CG Robert Rauschenberg?

JJ Of course Bob. I knew all of these people. Mostly I have focused on the minimalists like (Dan) Flavin, (Donald) Judd, (Robert) Ryman. I am asked to go look at works by these artists. I’m asked about the works as to when they were made and how.

CG How did that come about?

JJ It came about through my relationship with Peter Bonnier.

CG He’s the Danish guy.

JJ No Swedish. We met in 1990 to 1991. We were buying and selling to each other. It didn’t make sense so we became partners. We have been partners now for almost 24 years. I was John Chamberlain’s best friend.

CG That’s a story.

JJ A long story. Peter was best friends with Donald Judd and Robert Ryman. I must have had 500 dinners with Judd because Donald and Chamberlain were best friends. We all ate at Max’s for years. And years and years we ate there. Plus at Don’s loft.

Because Peter and I connected as dealers it was natural for us to be selling Judds. And Ryman, Chamberlain and of course with those guys the other pop artists and the other minimalists.

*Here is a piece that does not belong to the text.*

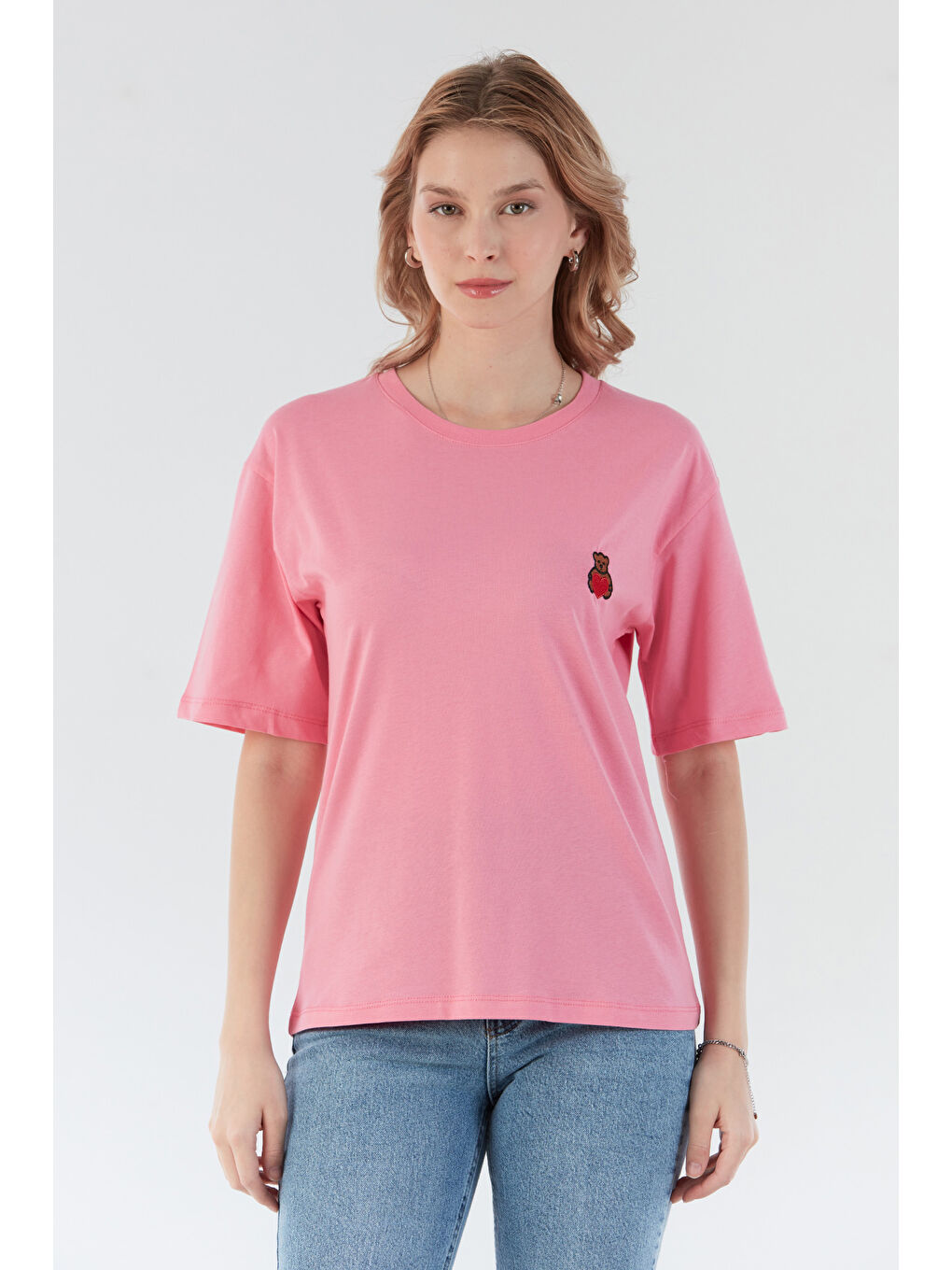 Pembe Ayıcık Nakışlı Bisiklet Yaka Tişört-1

CG Where does LeWitt come in?

JJ Sol was an acquaintance but not a good friend. When Peter and I go together Sol became a part of our life. I’m friends with his daughter and deal with his estate quite often.

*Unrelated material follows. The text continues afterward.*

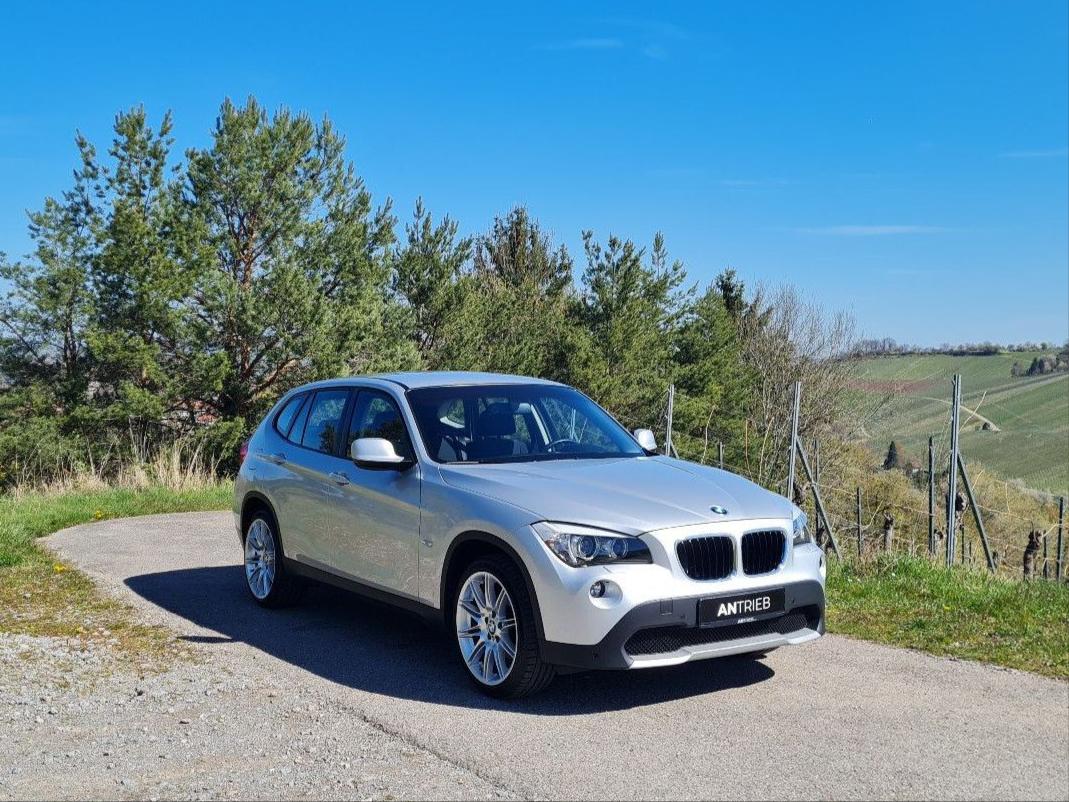 BMW X1 sDrive 20d Bi-Xenon PDC AHK M-Räder 19"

Peter had worked for Paula Cooper so there again minimalism.

A lot of the younger people and others in the art world have never met these people. So everything is third hand.

CG Including their ideas.

JJ Yes. That’s ok.

CG No it isn’t. It’s what’s wrong with the art world today.

JJ That’s a much longer discussion.

CG They are coming out of graduate school having spent years looking at the ass of the horse instead of its mouth.

JJ That’s the nature of life. There’s nobody alive now who knew Cezanne.

CG I did. (laughs) You didn’t know that about me. I have always viewed the artist as the primary source. As both an undergraduate and graduate student I took seminars on Michelangelo. We read everything including the letters and sonnets. I he were alive today I would try to interview him.

For my Modern Art class at U Mass Lowell the chair invited a visiting scholar to lecture to my students. He read a text on Johns. An hour long discussion of his large white flag painting. Later I was part of a small group that joined him for dinner. I asked if he had met the artist? He had but after he had written. I asked what they talked about. He said anything but about his work. He didn’t want to be influenced.

For me that’s dead wrong. Whenever possible the artist is the primary source. There is so much you can learn directly like this dialogue. The theory of art should evolve from the dialectics. Too often today the reverse is true. In theatre I have colleagues who do not want to meet or know the people they write about. Of course I understand why but it means that their critical ideas don’t grow with time. For me the people I talk with and write about are my teachers. In graduate school you read books. That was then.

JJ That’s historically one of the issues. Did you read “A Team of Rivals” a brilliant book about Lincoln.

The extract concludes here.